Join us on this quick tour of ReGraph’s React network visualization API. We’ll show you how ReGraph works, how easy it is to get started and why it’s the best data visualization option for React projects.
ReGraph Webinar Transcript
Prefer a written version? We’ve transcribed the webinar for you
Good morning, everybody. Thank you for joining the webinar. This is a very exciting webinar today because we’re introducing a brand new product from Cambridge Intelligence called ReGraph.
Now ReGraph is a toolkit for building interactive React graph visualization applications. Now, that’s a little bit of a mouthful. So we’re going to basically take the rest of the webinar to explain to you what that means and what ReGraph does and how it’s helpful for you.
To start off, I’ll introduce myself (pictured left) and Kevin (pictured far left). So my name is Corey Lanum. I’ve been with Cambridge Intelligence for six years now, but been doing data visualization for 19 years, mostly for industry and for governments around the world. And I’ve also written a book about graph visualization that you can check out if you want, it’s called Visualizing Graph Data.
About halfway through, I’ll be handing off to Kevin. Kevin is our product manager. And he’s the one who is responsible for setting the overall direction of our products, both KeyLines and ReGraph, and also deciding which features we build and when those get released into our products.
So this is what we’re going to talk about today. We’re going to go through:
- why it makes sense to visualize graphs (that may be review for many of you but we’ll spend a couple of minutes on it just to explain)
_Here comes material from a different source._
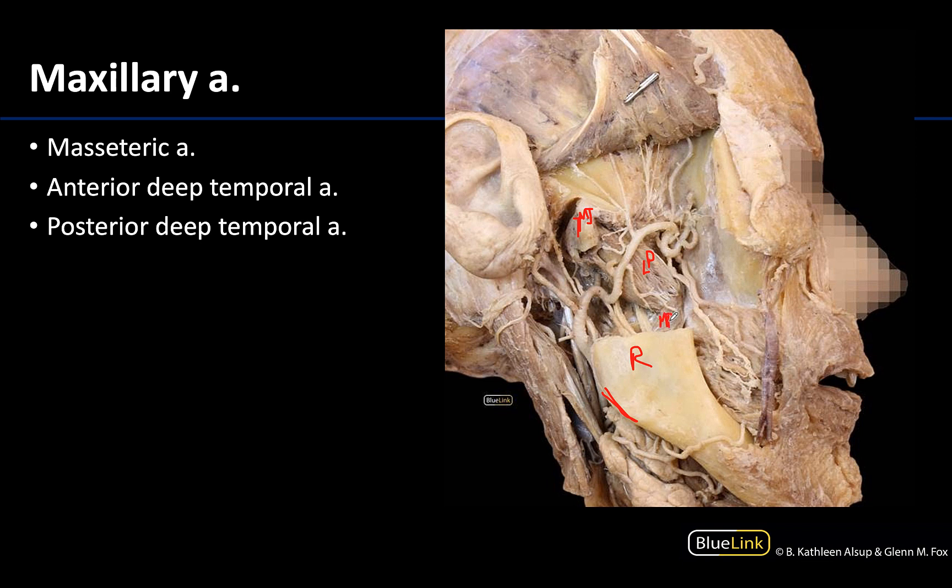This affords a nice view of the second part, or the pterygoid part, of the maxillary artery, which you can see right in this region. The second part is really closely associated with the lateral pterygoid muscle — it's either just superficial to or just deep to it. In this case, you can see it is superficial to the lateral pterygoid.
- we’ll be talking about what ReGraph is and how it’s been built and what it can do for you
- And then Kevin will spend a little bit of time in more detail with the graph API to talk about some of the technical detail as well
- And we have some time at the end for questions
Want to know more about ReGraph?
Why visualize networks?
So the first topic I wanted to go through is why is network visualization even helpful. And it’s really the case that network visualization is most useful when you have relationships among your data elements, and those relationships convey some interesting meaning.
So if you just have a list of items, for example, with a list of properties, your standard relational database table that doesn’t have any connections between those data elements, say a list of products for sale in your store and the prices of those, then graph visualization is not the most helpful way of looking at that data. But when you have connections, for example, here, we’re looking at internal emails within an organization, and each person emails another person. And so each person can appear in the table multiple times.
The result is that the email can be modeled as a relationship between those individuals. And then you can start to uncover some really interesting things about that pattern of relationships that you may not have uncovered by looking at it in a standard tabular form.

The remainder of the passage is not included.